The January labour force data were a bit like baked beans on toast.
Not horrible, but hardly the sort of thing that is going to inspire joy and optimism about the future.
The unemployment rate remains at 5.5 per cent which is significantly above most estimates of full employment for Australia and is exactly the same as it was in May 2017.
In other words, there has been no progress in reducing Australia’s stubbornly high unemployment rate since the budget 8 months ago even though the government likes to crow about the level of job creation in recent times.
Despite this bluster and noisy rhetoric about job creation, the fact is the unemployment rate remains uncomfortably high and no one is doing anything about it.
Most of the recent gains in employment, which at face value has been impressive, are merely a reflection of population growth and no more.
Another disconcerting aspect of the labour force data was confirmation that total hours worked by all employees in the economy fall sharply in January.

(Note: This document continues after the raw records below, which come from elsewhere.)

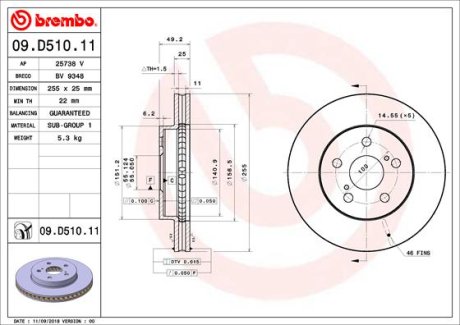 Диск гальмівний передній BREMBO 09D51011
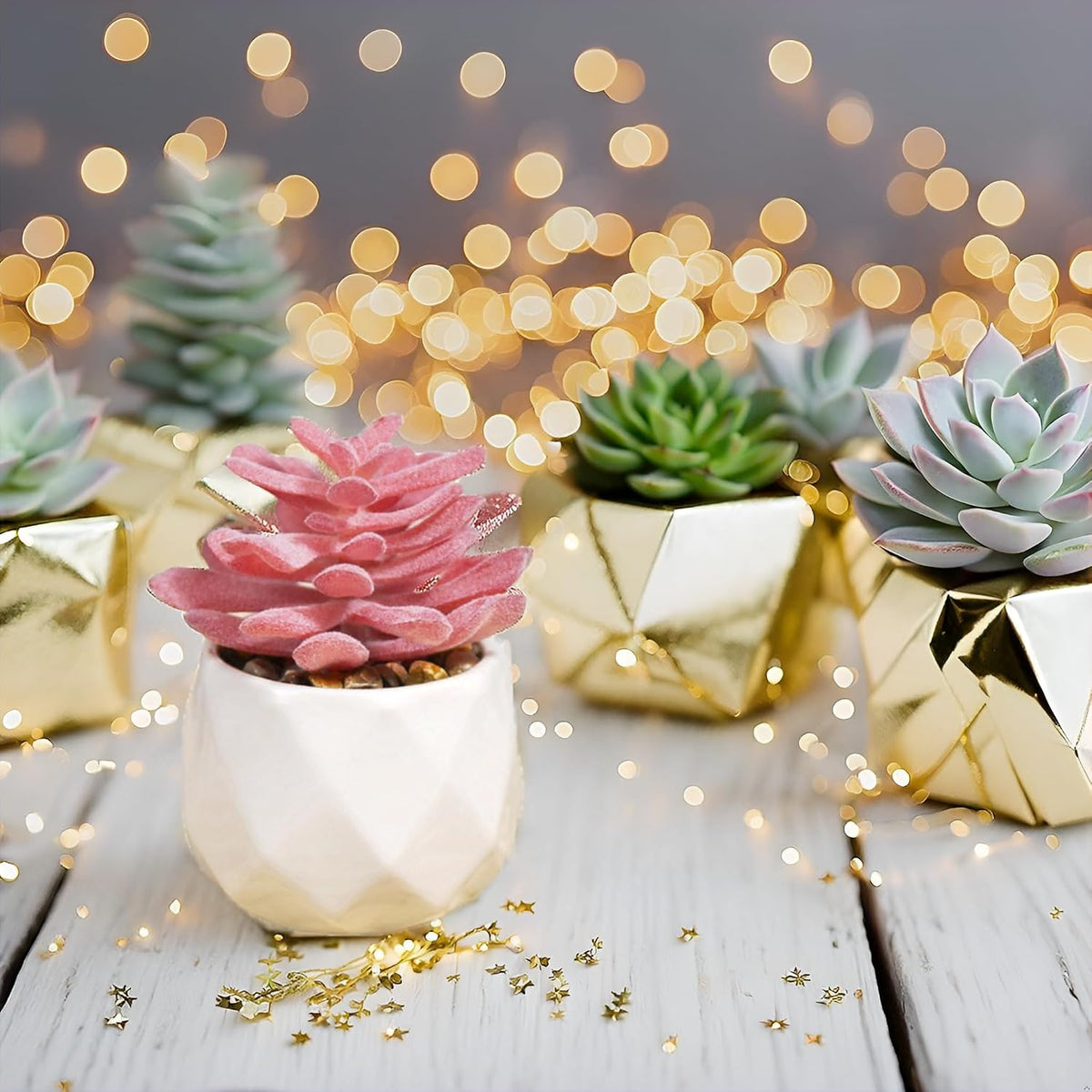 Mini Faux Succulents Plants Artificial in Pots-Rose Pink Desk Accessories, Small Fake Succulents Plants for Home Decor Indoor for Women, White Ceramic, Set of 4
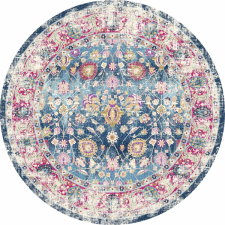 Rund Matta 'Bouhjar' 160cm - Blå/Rosa/Multi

This is a sure sign that the economy is not all that healthy.
Usually when economic conditions are buoyant, employees are asked to work more hours before finally the employer adds to staff numbers.

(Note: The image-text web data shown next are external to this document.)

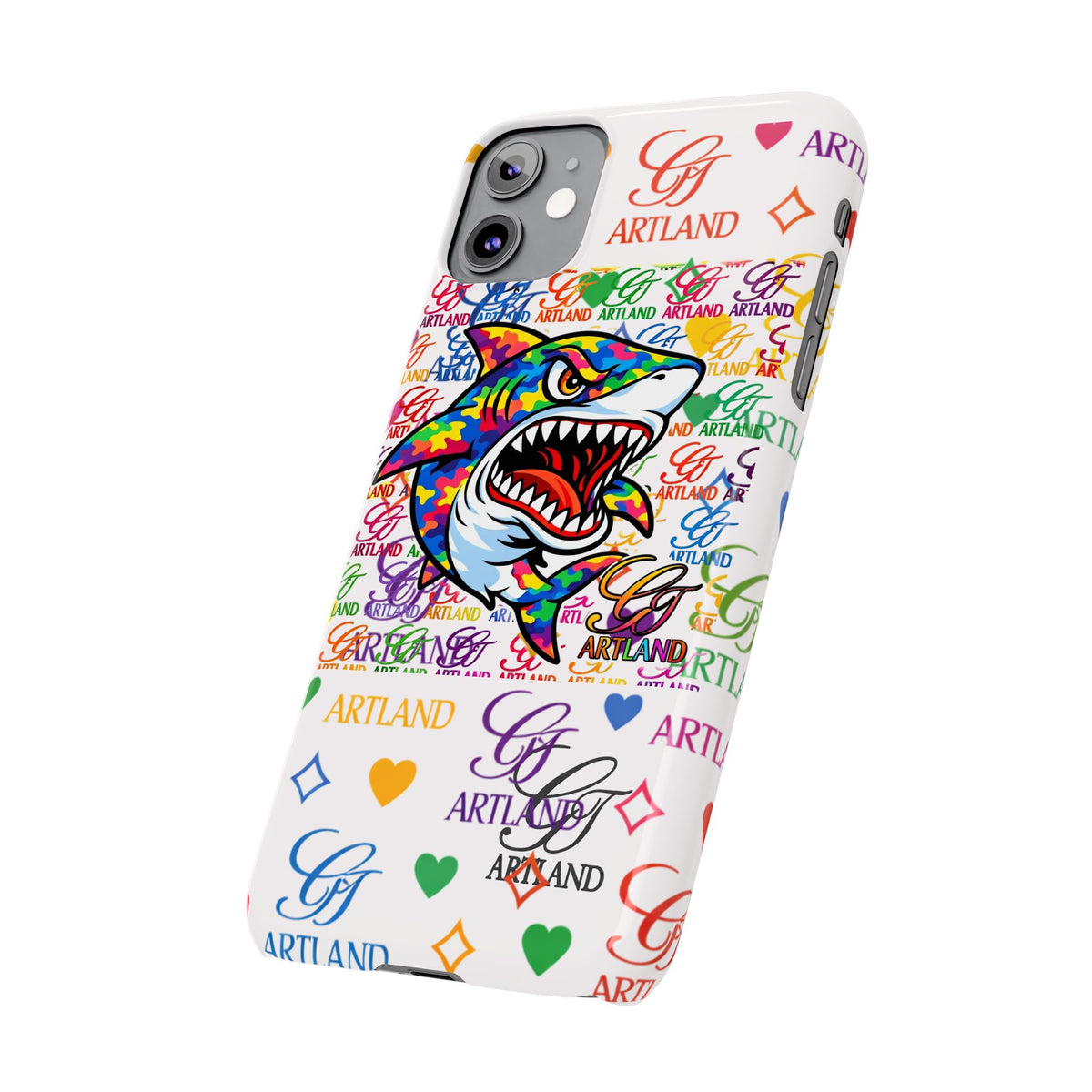 Colorful Designer Shark GT Illustration Slim Phone Case | Rainbow Logo Pattern by GT Artland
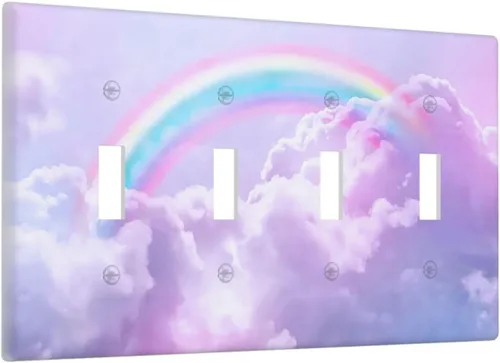 Miniatura 136 de Rainbow in the Clouds - Placas de Pared de Doble Interruptor de 2 Posiciones, Panel de Arte Rosa, Cubierta de Interruptor de Luz, Placa Frontal Arco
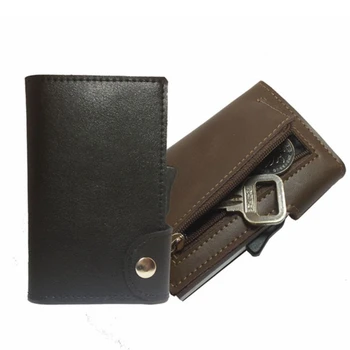 

Genuine Leather RFID Blocking Wallet with Back Pocket ID Card holders Aluminum Mini Wallets Automatic Credit Card Coin Purses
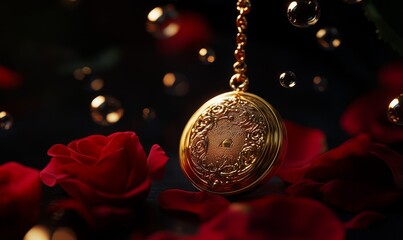 Wall Mural - Ornate Golden Pendant Among Red Roses and Bubbles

In Australia’s highly flexible labour market, when times are tough, firms tend to ask their employees to work less fewer hours rather than sacking them. This is what is happening now.

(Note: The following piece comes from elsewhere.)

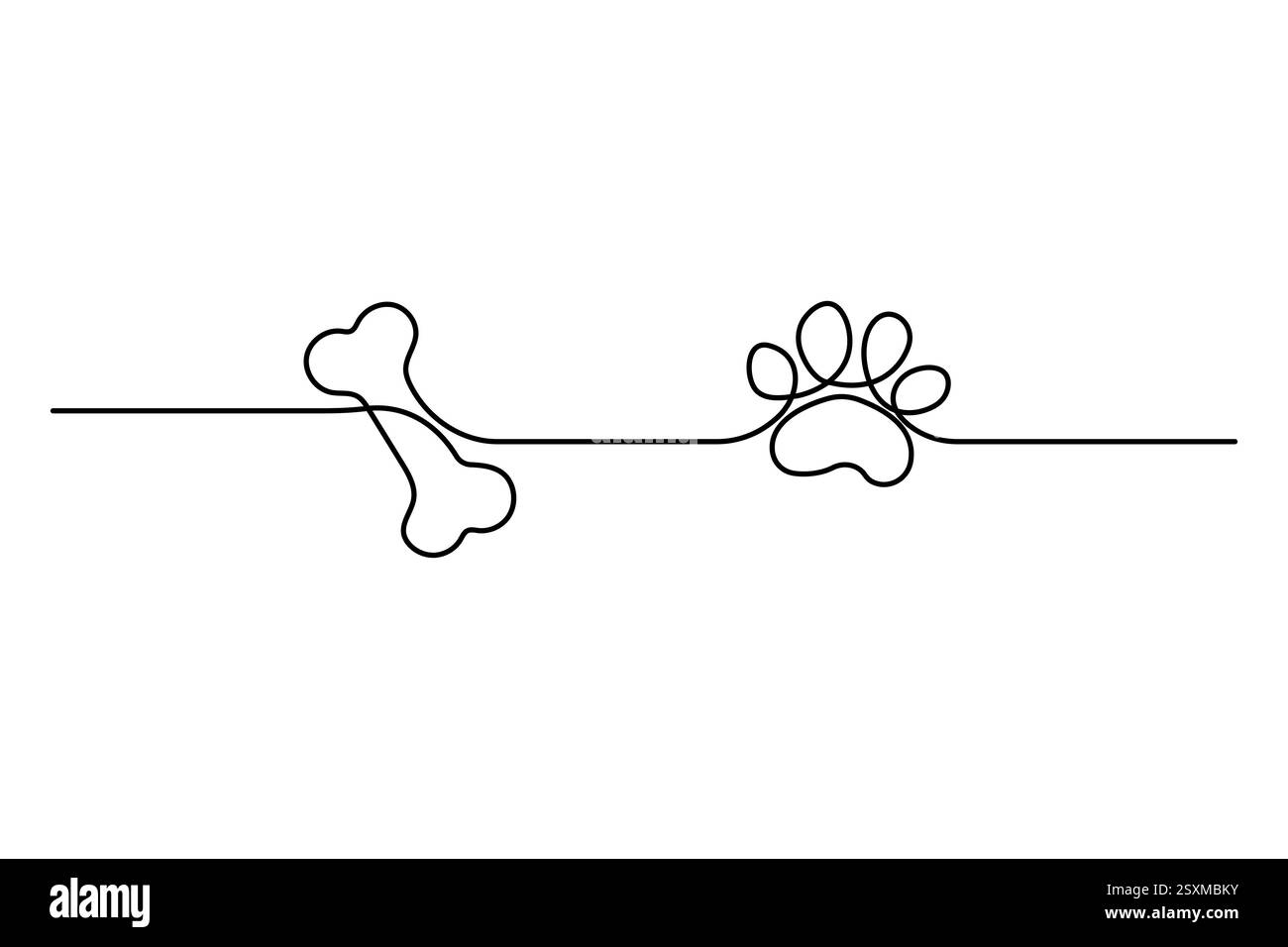 Die kontinuierliche Einzeilenzeichnung des Hundeknochens mit einfacher Konturvektorkonstruktion Stock Vektor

Total hours worked in the Australian economy is lower in January 2018 than in May 2017 and this is despite employment rising by close to 250,000 over that time.
The average hours worked per employee fell to a record low as a result, meaning that there is still a huge amount of spare capacity in the labour market, evidenced by very high underemployment and ongoing troublesome high unemployment.
The labour force data have important implications for the Reserve Bank and interest rate settings.
At its most simplest, there is now close to zero probability of an interest rate rise any time soon. The economy could not digest it, not just because of the soft labour market conditions, but because house prices are falling, wages growth is dead and inflation is below target.
The case for interest rate cuts, which was strong because of those factors, is gaining momentum not least because of the stalling in progress in reducing the unemployment rate.
Next week sees the release of wages data. If these show annual wages growth mired around 2 per cent, the rate cut bandwagon may get a few more people on board, including the RBA. It will require a major about face for the RBA to move to an easing bias, but in recent months it has shown pragmatism and flexibility when confronted with new information on the economy.
The labour force data confirm the economy needs a shot in the arm if we are to get close to full employment, let alone matching the 4 to 4.5 per cent unemployment rate many of our competitors are currently enjoying.